In my time at University of San Diego, one of the most valuable traits I have gained is the ability to be conscientious about social inequality and injustice. I’m not fully educated on everything, but I am constantly challenging myself to ask questions about things I don’t understand and to identify those things that marginalize certain groups of people. I hope to take part in social movements to educate people about social issues and I hope that I can help people see and change their language/mindset about these little acts of intolerance that are embedded into our social lives.
So when I see things like this:
it makes me kind of mad.
To give some context to this comment, FUSO, the Filipino Ugnayan Student Organization on USD’s campus was preparing a performance of a Pilipino folk dance called ‘tinikling’ for a cultural event called Pilipino Culture Night (PCN). It involves jumping between bamboo poles that are opened and closed to the beat of the music. It’s kind of like a “don’t-get-your-foot-caught-between-the-poles” dance. It does happen to make a lot of noise and we were practicing in the common room of a residence hall.
However, here’s where it gets problematic to me: The comment directly targets Asians. Instead of saying “To the people,” or “To the students,” it says “To the Asians.” It targets a specific group of people on our campus and makes them feel unwelcome in the community.
What makes me even more frustrated are things like this :
After a comment was posted explaining that students was practicing for Pilipino Culture Night, this comment appears, and I start feeling extremely angry and hurt.
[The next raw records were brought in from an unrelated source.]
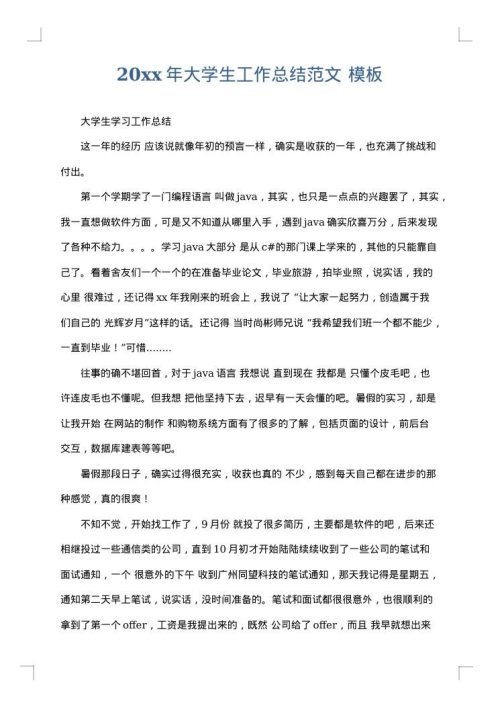2025年大学生工作总结范文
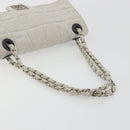 CHANEL Sports Line Choco Bar Chain Bag Cotton Gray Silver CC Auth 194404A-7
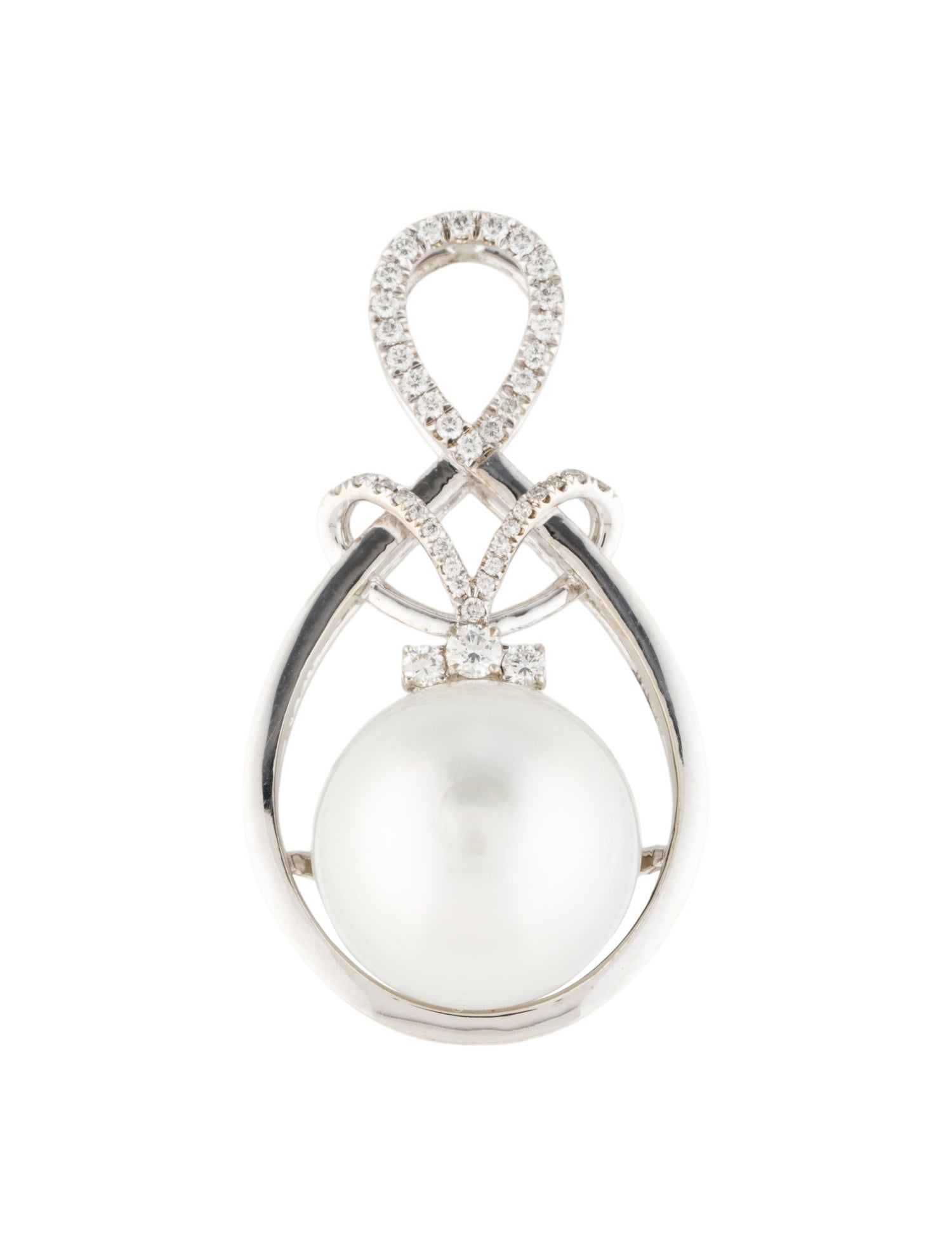 Necklace 14K Diamond & Pearl Pendant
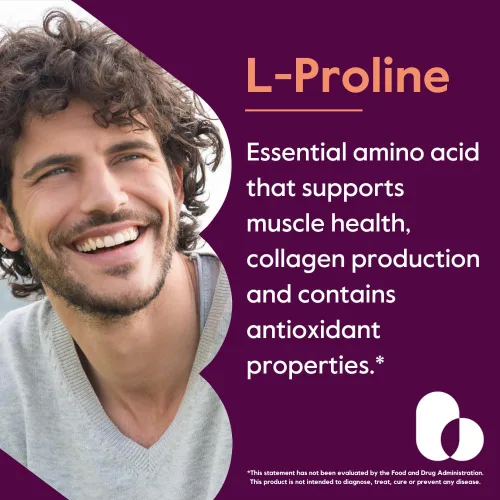 Vista 2 de BESTVITE L-Proline 500mg (120 cápsulas vegetarianas) - Sin estearatos - Sin rellenos - Vegano - Sin gluten - Sin OMG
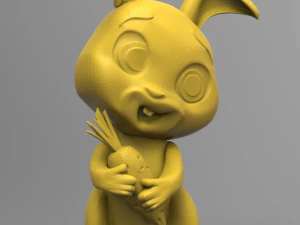 funny bunny with carrot 3D Model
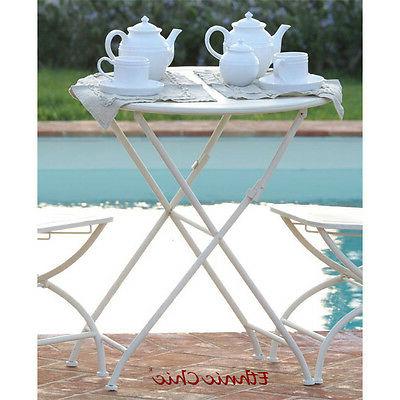 tavolo provenzale da giardino ferro bianco shabby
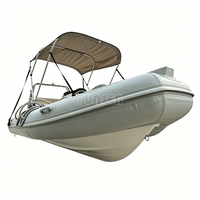 Bateau pneumatique semi-rigide (RIB) de 4,3 m (14 pieds) en Hypalon et PVC avec coque en fibre de verre, bimini top gris, idéal pour la famille, les loisirs, la pêche et la plongée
So not only does the initial post target my cultural background and make me feel unwelcome in my community, there’s this comment that further marginalizes my race (being my physical features) from my ethnicity (being my cultural and national origin).
It’s not news that Filipin@s are constantly stereotyped in this manner. In 2010, radio personality Adam Carolla was under public fire for his comments about the Philippines.
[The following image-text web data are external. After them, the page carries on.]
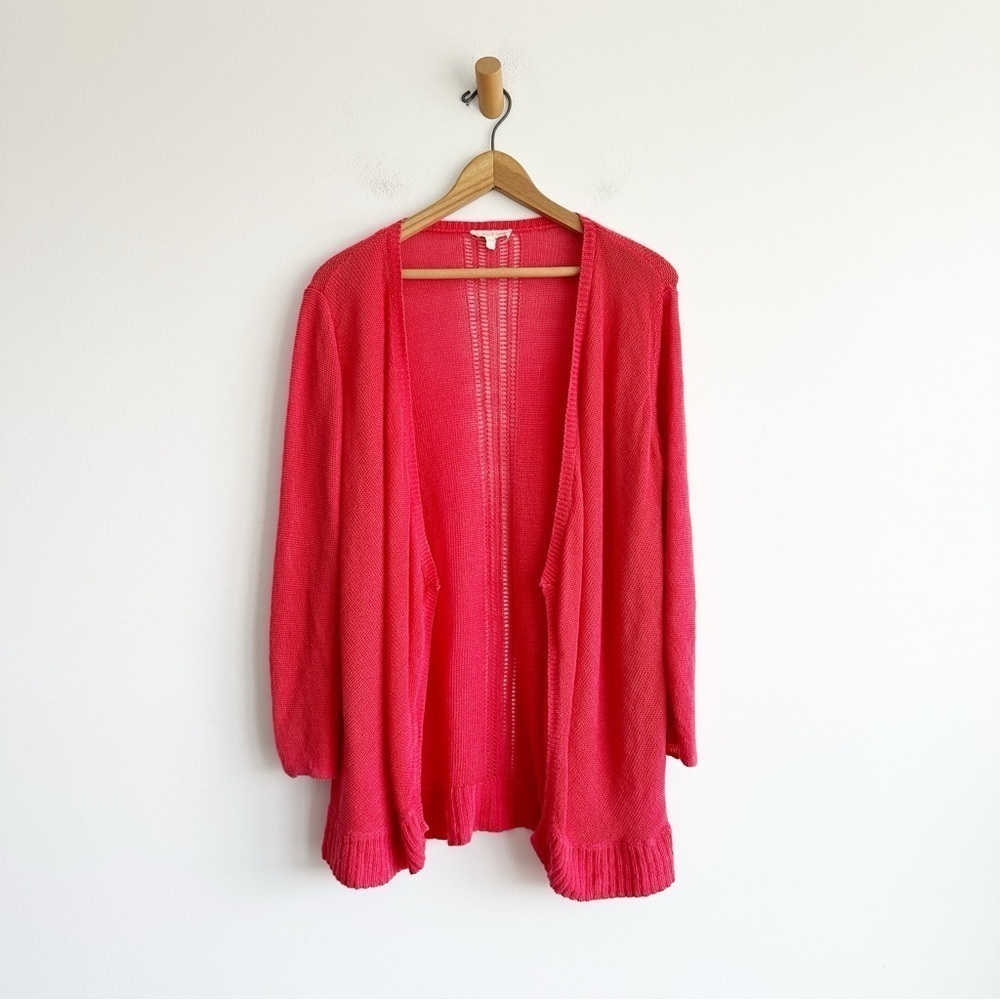 Eileen fisher open front cardigan Sweater Lightweight Linen Salmon Pink Large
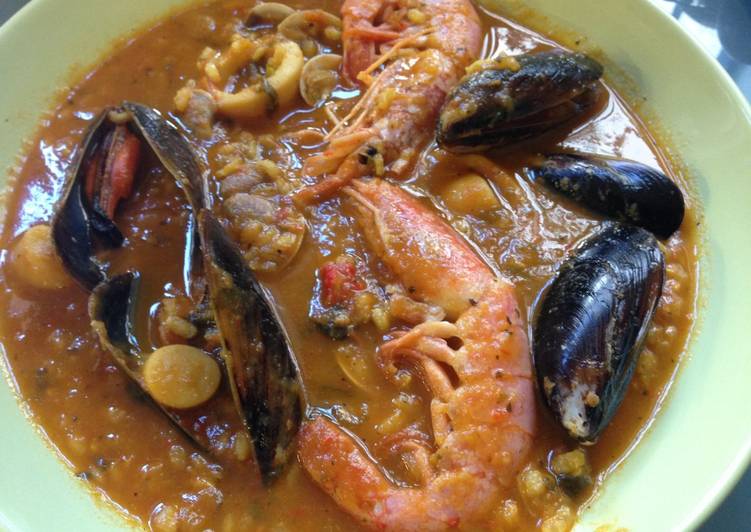 Arroz caldoso integral con marisco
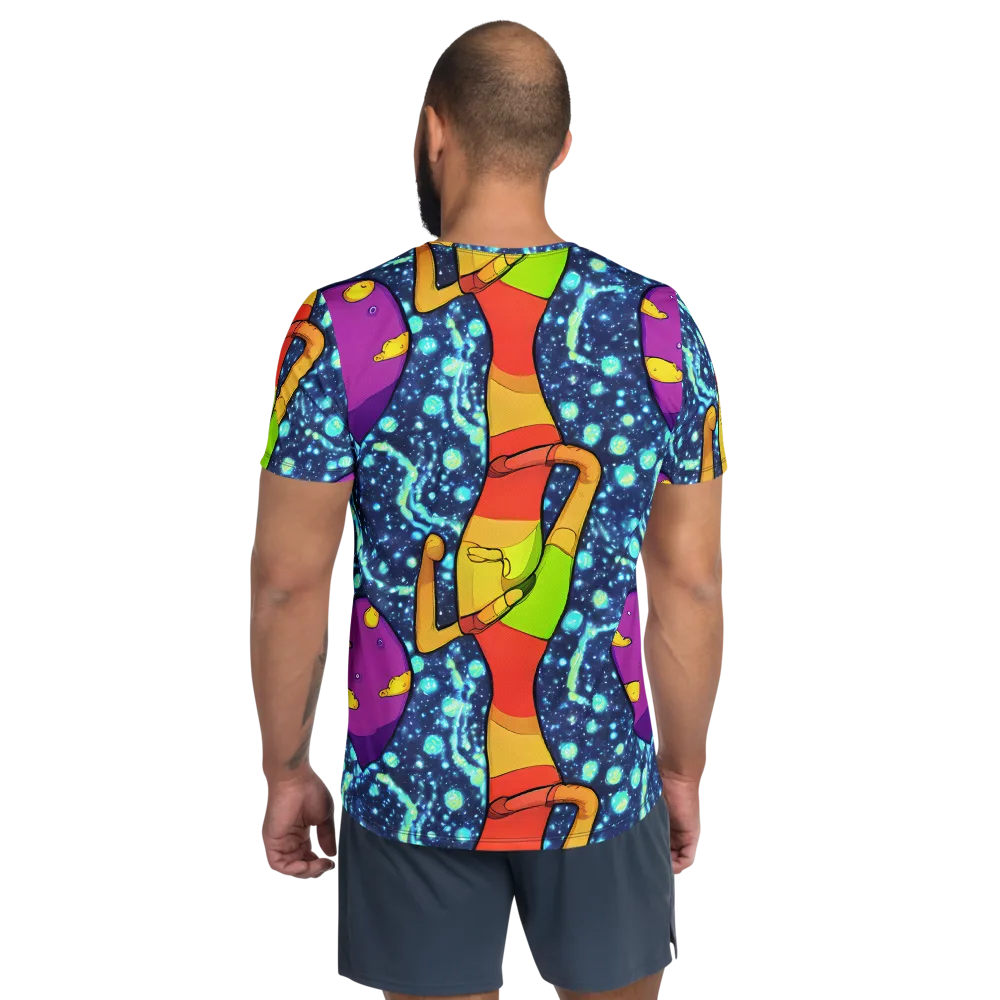 Cosmic Siblings on Men's Athletic T-Shirt — Back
“All they have over there is Manny Pacquiao and sex tours.”
Many people defended him, saying that he was just looking for attention. I also stopped watching Glee after reading this article in the same year, publicizing an audition call for an older Filipina/Hispanic woman to play Sue Sylvester’s maid on the show.
These aren’t isolated events, people. It happens all the time. It’s frustrating that I have to explain my hurt feelings, and the only ones who will listen are those who feel as I do.
So, what do we do? That was the question we were faced with, and this is what we came up with:
We can’t let the little things slide because they make us more susceptible to the bigger acts of intolerance and flat-out racism. This video shows that we will not stand for it. The movement is starting off at the end of the school year, but I hope that FUSO will not forget what happened and how the USD community can change those pervasive acts of intolerance and marginalization on our campus.